This past Sunday I participated in a teleconference, the theme of which was that opportunity does exist for those aged 50+ with screenwriting aspirations, at least in films. According to the presenter, television is a different story, as in that world writers are young and, well, let’s just say they much prefer to be with their cohort.
The presenter was the man in charge of an on-line based screenwriting school, apparently in operation for several years. What leant him credibility was his own background as a screenwriter, coupled with his applying marketing experience to generating education modules based on interviews with over 100 movie producers, validated by success stories from more than 250 ‘alumni’ writers.

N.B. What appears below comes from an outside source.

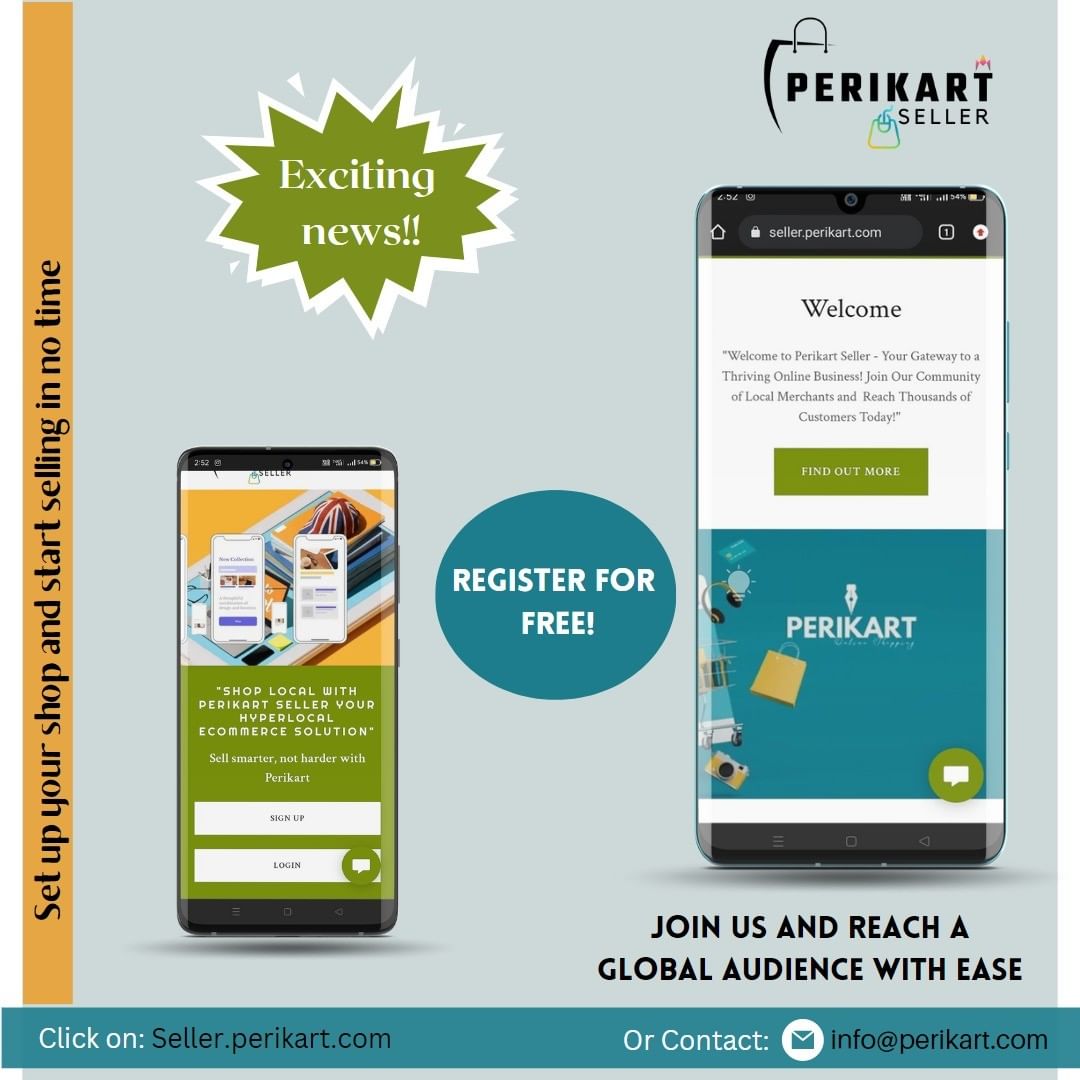 PerikartIndia's tweet image. Sell on Perikart. Click on seller.perikart.com
Register online without any cost.
#PerikartSeller #Perikart #PerikartIndia #SellOnline #HyperLocal #HyperLocalDelivery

Here are some of the main points I gleaned from his talk:
- Over 40% of the ‘alumni’ writers to date, many providing testimonials on the website of their subsequent success, are aged 50+
- The three most important ingredients in the bringing of any screenplay to the screen are: Marketability + Story with understandable uniqueness and appeal + Powerful Characters
- When starting out seriously writing, a success plan time frame of about five years is reasonable
- The current state of affairs in Hollywood is such that one stands a much greater likelihood of successfully selling a screenplay if the script orientation aims at smaller, independent producers, with more modest production budgets; the presenter relayed the story of a 70+ year old writer who recently met with and subsequently developed a multi-project relationship with an independent producer aged under 30
- Statistically from 2013 (over what geographic percentage of the industry was not indicated), there were 20 times more low budget than high budget movies made
- To become accomplished one needs to write creatively every day while learning every day
- One should try to write with a financial eye to the ‘money audience’, i.e. almost 50% of the movie-going audience is between 18 and 39 years old, versus the 50+ crowd @ 20% of the audience
- Keep the marketability advantage of the ‘high concept’ in mind; this means stories with great concepts and characters, which can be pitched and understood in one sentence, are sought after by producers
Perhaps the most important underlying tone of this talk was the presenter’s encouragement, recognizing he is 50+ himself, not to perceive age as an impediment to pursuing your writing goals.